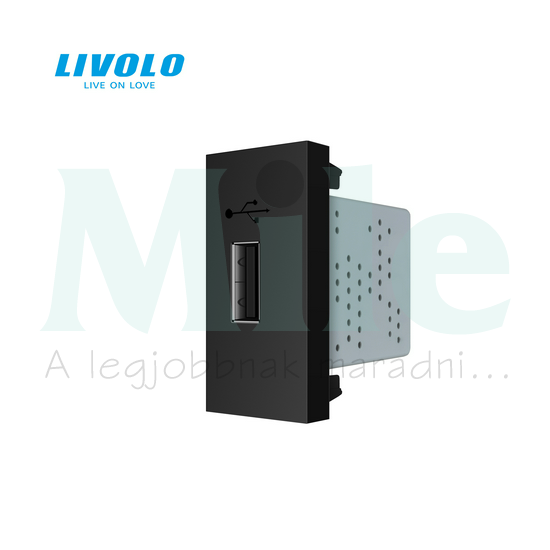 C7 USB töltőaljzat A 1/ki 2100mA-max. 5V süllyesztett fekete LIVOLO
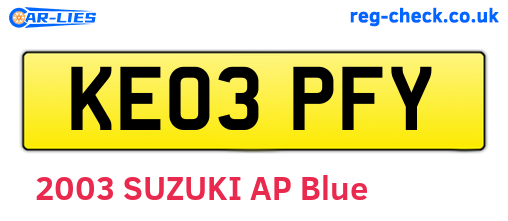KE03PFY are the vehicle registration plates.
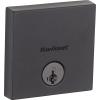 Kwikset 92580-005 258 Downtown Low Profile Slim Square Modern Contemporary Single Cylinder Deadbolt Door Lock featuring SmartKey Security in Satin Nickel(Iron Black)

★ ★ ★ ★

PROBLEM STATEMENT: Each word of the data should be repeated exactly, and the pictures left out.

RESPONSE AREA:
 C7 USB töltőaljzat A 1/ki 2100mA-max. 5V süllyesztett fekete LIVOLO
KE03PFY are the vehicle registration plates.
 Kwikset 92580-005 258 Downtown Low Profile Slim Square Modern Contemporary Single Cylinder Deadbolt Door Lock featuring SmartKey Security in Satin Nickel(Iron Black)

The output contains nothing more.